Entscheidung über Verminderung oder Erhöhung des Bundesanteils liegt ausschließlich in den Händen der Politik

Wien (OTS) - "Wir sind der stabile österreichische Kernaktionär
der Telekom Austria" stellt ÖIAG-Chef Markus Beyrer
unmissverständlich klar. Die Frage, ob die Beteiligung an der Telekom
Austria als langfristig strategisches Investment gesehen wird, ist
aber letztlich vom Eigentümer Republik Österreich zu beantworten.

"Aus meiner Sicht spricht sehr vieles dafür, die Bundesbeteiligung
an der Telekom Austria als strategisch langfristig zu sehen", stellt
Beyrer fest. Sowohl industriepolitische Überlegungen und die
standortpolitische Bedeutung eines leistungsfähigen
Telekommunikationsnetzes, als auch sicherheitspolitische Aspekte
sprechen für einen öffentlichen Kernaktionär. Auch internationale
Beispiele zeigen, dass vergleichbare Staaten wie etwa Deutschland,
Schweiz oder auch die skandinavischen Länder Kernaktionäre an ihren
nationalen Telekommunikationsunternehmen sind.

Aufgabe der ÖIAG ist es, innerhalb des gesetzlich vorgegebenen
Rahmens im Interesse des Unternehmens und unter Berücksichtigung von
Standortinteressen zu agieren. Die ÖIAG hält 28,42% an der Telekom
Austria. Das heißt, dass die ÖIAG derzeit der größte Anteilseigner
ist und die Funktion eines österreichischen Kernaktionärs ausübt. Das
heißt aber auch, dass die ÖIAG keine Aktienmehrheit an der Telekom
Austria innehat und auf Veränderungen der Aktionärsstruktur im Rahmen
des Streubesitzes von 71,58% keinerlei Einfluss hat.

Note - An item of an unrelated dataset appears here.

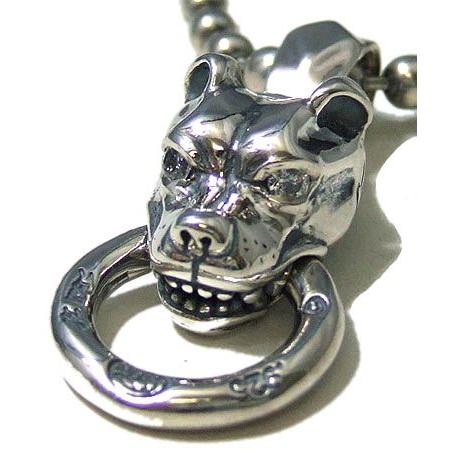 BILL WALL LEATHER 送料無料 BWL ビルウォールレザー ペンダント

"Die Entscheidung über eine allfällige Verminderung oder Erhöhung
des von der ÖIAG gehaltenen Bundesanteils an der Telekom Austria
liegt einzig und allein in den Händen der Politik", stellt ÖIAG-Chef
Beyrer klar. Eine Verminderung des Anteils bedürfte eines
Privatisierungsauftrages durch die Bundesregierung, der aber nicht
vorliegt und der auch nicht zu erwarten ist. Eine Erhöhung des
Bundesanteils, wie in letzter Zeit in den Medien mehrmals von
verschiedener Seite in den Raum gestellt bzw. gefordert, würde eine
Änderung des ÖIAG-Gesetzes 2000 erfordern, weil dieses
Anteilserhöhungen durch Zukauf ausschließt.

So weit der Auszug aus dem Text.